# How many decoys?



## WingedShooter7 (Oct 28, 2005)

I have a question lately i've been messing with my local crows in the neighborhood they come off this huge thing of trees and fly around. I like calling them in for fun. I used no decoy the other day and called aggresivly and managed to get a couple to fly over. Would adding about 4-5 custom silos and maybe like a motion decoy help?


----------



## snowhunter23 (Mar 2, 2005)

I've compared using decoys and not to use decoys, lets just say the crows will go crazy if you use say 5 crow decoys and an owl decoy. I've had it where the crows will swoop down at the owl decoy and try to attack it.

I think Decoys will Bring the birds in alot closer :sniper:


----------



## nodakoutdoors.com (Feb 27, 2002)

I use 6 decoys and have had good success.

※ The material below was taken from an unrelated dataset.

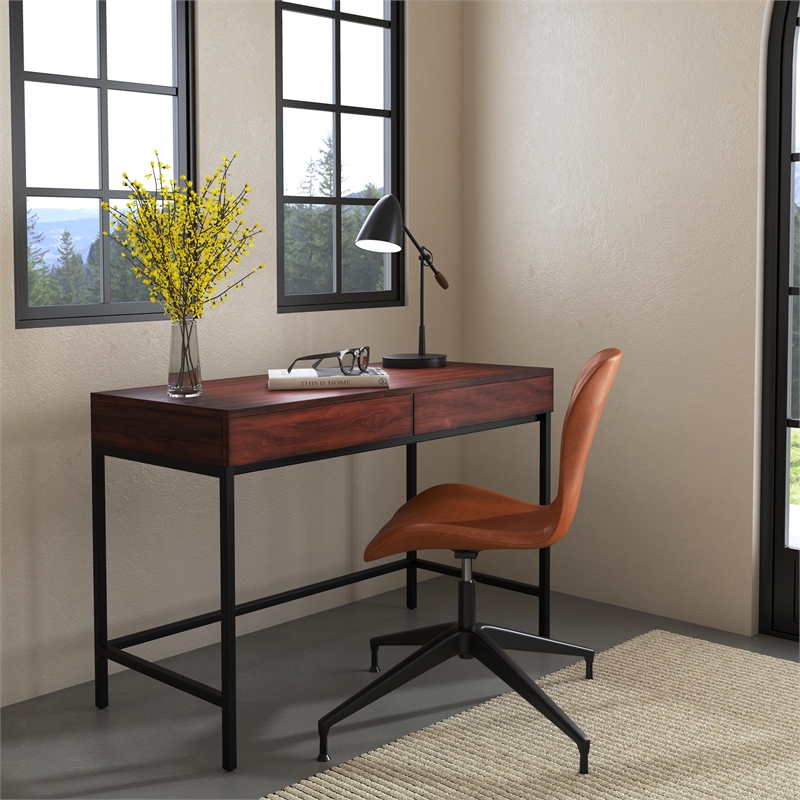 Loring writing online desk walnut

They also work as great confidence decoys off to the side of your honker decoys.


----------



## WingedShooter7 (Oct 28, 2005)

haha yeah chris....never thought of that but one day we saw like 400 crows when goose hunting


----------



## varmintz (Apr 25, 2006)

This morning I went out after coyote and nothing came in so I thought I would see if I could get any crow to respond just to mess with the animals, nothing there also, but I did have a pair of honkers do flybys about 6 times until I got bored, If I was goose hunting could have easily bagged them - Just a FYI for you goose hunters.....


----------



## NDhunter7 (Dec 28, 2006)

I set up my crow decoys surounding an owl decoy in my driveway, blew a rabbit distress call with a crow call, they were landing on my roof, and 3 came down landed in the decoys attacking the owl.


----------



## DVXDUDE (Apr 3, 2007)

I have the johnny stewart hammin' crow call. It makes em go nuts. As long as im standing in thick cover, about 5-10 will fly over top of where im standing squalking like crazy. If i had a shotgun it would be easy shooting. I usually have the .17 with me and usually one will land. They are getting smart now and hardly ever land, usually there is too much cover too get a good shot.

I'm going to buy an owl decoy and throw a couple dead crows underneith him. There are a buttload of crows around, i wanna get ride of a bunch.


----------